For some days he was with the disciples at Damascus.
The Holy Bible, English Standard Version copyright (c)2001 by Crossway Bibles, a division of Good News Publishers. Used by permission. All rights reserved. http://www.esv.org
When you think of opposition, who comes to mind? Try to imagine how your enemies respond to you. When you speak, they twist your words. When you act, they misinterpret your actions. When you love, they question your motives. When they sin, they refuse to admit it. When the relationship is fractured, they resist reconciliation. When you do good, they repay you with evil. They malign your character. They stir up conflict. They grieve your heart. And in everything, they care only about themselves.
As you read these statements, where does your heart run? As you think of those who oppose you, do you become bitter, angry, and vengeful?
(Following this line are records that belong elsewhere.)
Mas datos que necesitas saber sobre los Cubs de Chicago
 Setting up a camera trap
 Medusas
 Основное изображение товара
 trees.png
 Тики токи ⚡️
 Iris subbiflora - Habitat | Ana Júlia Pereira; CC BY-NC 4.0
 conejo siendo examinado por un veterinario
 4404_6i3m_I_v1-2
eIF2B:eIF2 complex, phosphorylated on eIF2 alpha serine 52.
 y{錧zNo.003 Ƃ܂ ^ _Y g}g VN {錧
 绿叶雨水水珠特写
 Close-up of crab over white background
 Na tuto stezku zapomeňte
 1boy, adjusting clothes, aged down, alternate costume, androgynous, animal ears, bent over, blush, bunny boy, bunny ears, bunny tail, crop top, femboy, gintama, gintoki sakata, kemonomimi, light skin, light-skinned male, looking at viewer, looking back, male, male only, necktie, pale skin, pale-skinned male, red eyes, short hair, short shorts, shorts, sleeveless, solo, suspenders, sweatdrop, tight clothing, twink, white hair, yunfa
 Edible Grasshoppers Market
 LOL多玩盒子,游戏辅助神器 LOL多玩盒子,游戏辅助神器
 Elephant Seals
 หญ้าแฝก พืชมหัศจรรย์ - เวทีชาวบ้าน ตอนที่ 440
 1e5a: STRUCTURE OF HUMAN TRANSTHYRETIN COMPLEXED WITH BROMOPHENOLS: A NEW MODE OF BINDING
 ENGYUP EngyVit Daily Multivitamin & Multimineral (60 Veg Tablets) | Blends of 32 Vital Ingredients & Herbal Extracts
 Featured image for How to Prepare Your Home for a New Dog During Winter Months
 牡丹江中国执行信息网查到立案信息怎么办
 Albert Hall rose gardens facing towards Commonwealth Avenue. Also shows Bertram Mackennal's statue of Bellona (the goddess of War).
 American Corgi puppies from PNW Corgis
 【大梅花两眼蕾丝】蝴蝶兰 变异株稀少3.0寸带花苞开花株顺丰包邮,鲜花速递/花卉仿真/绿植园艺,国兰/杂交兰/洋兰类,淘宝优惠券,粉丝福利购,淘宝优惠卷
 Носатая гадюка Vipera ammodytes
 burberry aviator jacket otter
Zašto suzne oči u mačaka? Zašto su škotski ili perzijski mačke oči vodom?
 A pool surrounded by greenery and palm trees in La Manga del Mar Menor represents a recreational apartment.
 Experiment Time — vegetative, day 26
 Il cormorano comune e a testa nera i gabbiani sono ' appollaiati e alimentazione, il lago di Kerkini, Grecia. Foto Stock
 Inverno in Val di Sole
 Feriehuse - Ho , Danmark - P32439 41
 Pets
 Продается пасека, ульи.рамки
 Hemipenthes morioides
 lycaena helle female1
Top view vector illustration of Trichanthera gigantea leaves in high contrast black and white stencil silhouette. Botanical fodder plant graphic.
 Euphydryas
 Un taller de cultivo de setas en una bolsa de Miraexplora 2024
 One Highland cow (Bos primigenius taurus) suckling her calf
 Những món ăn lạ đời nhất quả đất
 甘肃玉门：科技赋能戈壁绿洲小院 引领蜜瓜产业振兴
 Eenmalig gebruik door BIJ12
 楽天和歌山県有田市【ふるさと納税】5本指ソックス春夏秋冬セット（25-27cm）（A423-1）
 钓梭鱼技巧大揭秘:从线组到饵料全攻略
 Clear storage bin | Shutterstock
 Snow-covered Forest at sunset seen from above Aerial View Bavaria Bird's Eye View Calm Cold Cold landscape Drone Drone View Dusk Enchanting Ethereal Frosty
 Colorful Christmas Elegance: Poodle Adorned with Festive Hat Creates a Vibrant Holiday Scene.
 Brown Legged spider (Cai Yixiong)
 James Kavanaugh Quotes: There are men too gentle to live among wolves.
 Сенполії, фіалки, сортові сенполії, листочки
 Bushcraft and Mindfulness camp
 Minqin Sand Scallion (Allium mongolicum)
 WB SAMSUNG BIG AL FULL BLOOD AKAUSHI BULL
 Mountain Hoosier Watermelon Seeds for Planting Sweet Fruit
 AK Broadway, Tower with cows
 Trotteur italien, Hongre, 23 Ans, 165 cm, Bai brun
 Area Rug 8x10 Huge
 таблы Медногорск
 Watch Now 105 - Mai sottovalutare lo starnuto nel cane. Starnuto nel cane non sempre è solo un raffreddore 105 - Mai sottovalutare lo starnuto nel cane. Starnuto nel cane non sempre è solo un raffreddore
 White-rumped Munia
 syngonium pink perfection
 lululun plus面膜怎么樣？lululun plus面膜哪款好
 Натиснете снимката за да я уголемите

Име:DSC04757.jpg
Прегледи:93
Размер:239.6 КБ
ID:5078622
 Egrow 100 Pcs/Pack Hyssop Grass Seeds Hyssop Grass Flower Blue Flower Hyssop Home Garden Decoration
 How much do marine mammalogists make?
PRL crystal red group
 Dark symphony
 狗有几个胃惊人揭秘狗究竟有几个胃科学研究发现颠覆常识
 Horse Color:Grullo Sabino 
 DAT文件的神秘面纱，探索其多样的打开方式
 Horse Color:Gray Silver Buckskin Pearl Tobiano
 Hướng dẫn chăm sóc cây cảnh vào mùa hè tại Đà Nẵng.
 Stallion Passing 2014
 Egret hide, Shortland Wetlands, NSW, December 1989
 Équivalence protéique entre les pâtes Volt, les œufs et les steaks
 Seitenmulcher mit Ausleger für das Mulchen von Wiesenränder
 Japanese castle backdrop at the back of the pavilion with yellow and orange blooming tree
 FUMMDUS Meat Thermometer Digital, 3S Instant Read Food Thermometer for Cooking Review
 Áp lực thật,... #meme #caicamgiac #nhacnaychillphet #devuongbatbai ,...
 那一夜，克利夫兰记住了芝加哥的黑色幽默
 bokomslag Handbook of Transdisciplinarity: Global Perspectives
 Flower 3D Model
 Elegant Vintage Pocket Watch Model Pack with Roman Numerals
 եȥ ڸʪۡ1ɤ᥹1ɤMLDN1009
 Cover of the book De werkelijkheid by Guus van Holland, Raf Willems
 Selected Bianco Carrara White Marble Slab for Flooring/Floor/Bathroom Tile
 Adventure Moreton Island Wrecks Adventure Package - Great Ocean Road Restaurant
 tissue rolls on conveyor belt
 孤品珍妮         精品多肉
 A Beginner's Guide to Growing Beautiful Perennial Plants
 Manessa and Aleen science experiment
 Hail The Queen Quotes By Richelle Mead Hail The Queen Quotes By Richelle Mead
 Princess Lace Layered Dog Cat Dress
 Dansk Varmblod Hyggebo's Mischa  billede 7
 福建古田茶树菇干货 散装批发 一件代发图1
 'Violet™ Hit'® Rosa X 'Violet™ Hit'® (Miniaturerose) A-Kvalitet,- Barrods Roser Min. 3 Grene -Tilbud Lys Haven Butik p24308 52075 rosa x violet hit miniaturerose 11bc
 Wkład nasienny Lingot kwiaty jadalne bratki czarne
Or does a heart of love and compassion begin to grow for those who are so lost and confused?
Let's try this again. Try to imagine how God relates to us as we oppose Him. When He speaks, we twist His words. When He acts, we misinterpret His actions. When He loves, we question His motives. When we sin, we refuse to admit it. When the relationship is fractured, we resist reconciliation. When He does good, we repay Him with evil. We malign His character. We stir up conflict. We grieve His heart. And in everything, we care only about ourselves.
If God responded to opposition the way we do, would we have any hope? If He chose to ignore, confront, or destroy us, where would we be? Thanks be to God! In His sovereign grace, the Lord chooses to move toward His enemies and convert them. We see it in the conversion of Saul in Acts 9. A man who was violently opposed to Jesus Christ and His church. The last man we would imagine being changed. This man is God's chosen instrument to carry His name (Acts 9:15). No one but God would write this story. No one but God could write this story!
When we think of opposition, who comes to mind? Do we think of others, or do we think of ourselves? Can we see the ways that we still resist and replace the Lord in our lives? Whether we are self-indulgent "younger brothers" or self-righteous "older brothers" (Luke 15:11-32), we have set ourselves against our loving Father. Have we owned our opposition to God? Paul never forgot how he had opposed Jesus Christ. He could write, "Christ Jesus came into the world to save sinners, of whom I am the foremost" (1 Timothy 1:15). Paul was generous in sharing the Gospel because he knew how much he needed it himself. We should ask ourselves, "Am I the worst sinner I know? Do I embrace Jesus Christ as my Savior? Am I the most unlikely convert?" If we answer "Yes," we should buckle up because the Lord wants to give us His heart for the people around us. He wants to use us as His instruments as He continues converting His opposition.